Seven evaluators who participated in the preliminary study involving 3 tree dissections improved the accuracy of their predictions of decay area with feedback by a median of 9% (Figure 4; Wilcoxon signed-rank test, Z = 2.2, P = 0.03).
Mean deviation of predicted and actual decay areas of 7 evaluators who participated in a preliminary study (3 trees; solid squares) and the final study (10 trees, solid circles). (A: Gainesville city arborist; B, C, D: assistant tree surgeons; E: consulting forester; F: botany professor; G: plant ecology graduate student.) Dotted line indicates a mean deviation of zero between predicted and actual decay. Means > 0 overpredicted decay areas; means < 0 underpredicated decay areas.
Discussion
The results of this study suggest that visual assessment can be a reliable means of predicting the internal extent of decay and hollow that may be hazardous in urban trees. Evaluators were able to predict the amount of decay and loss in strength of stem cross-sections with a fair amount of accuracy. Additionally, evaluators did not tend to over- or underpredict the amount of decay or loss in strength. It is also noteworthy that providing evaluators with feedback of their predictions of 3 trees in a preliminary study improved the accuracy of their subsequent predictions. This finding suggests that in-service training has high potential for improving the ability of tree managers to predict tree decay.

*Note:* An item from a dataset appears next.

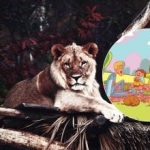 Šią užduotį gali atlikti tik nedaugelis: per 6 sekundes parke turite surasti liūtą. Šią užduotį gali atlikti tik nedaugelis: per 6 sekundes parke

There are likely to be limits, however, to the accuracy of prediction of tree decay based on visual assessment alone. The wide range of accuracies with which tree experts that participated in this study predicted the amount of decay and strength loss in laurel oaks indicates the inherent difficulty in predicting the internal condition of trees based on external characteristics. It is also important to consider that predicting the exact amount and distribution of decay is not equivalent to predicting a tree’s fate. Other factors like trunk lean, uneven distribution of crown weight, and root health influence the likelihood of such tree failures as breaking or uprooting. Improved means of determining likelihoods of tree failure are as vital for tree managers as are developing accurate means of assessing tree decay. Failure criteria that indicate at what level of decay or strength loss a tree is likely to fail need to be developed.

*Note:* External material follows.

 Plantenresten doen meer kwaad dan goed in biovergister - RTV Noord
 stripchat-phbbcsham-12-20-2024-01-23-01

Methods for estimating strength loss of tree cross-sections are useful in predicting the likelihood of tree failure only if a critical loss in strength can be identified. Critical strength loss values depend largely on the safety factor of structures. Mattheck (5) proposed a safety factor of 4.5 for trees. In other words, the normal load of stress can increase by a factor of 4.5 before the tree fails. However, applying a single safety factor to all trees is problematic. A tree’s normal stress loads may change. For example, a tree’s canopy may be lightened.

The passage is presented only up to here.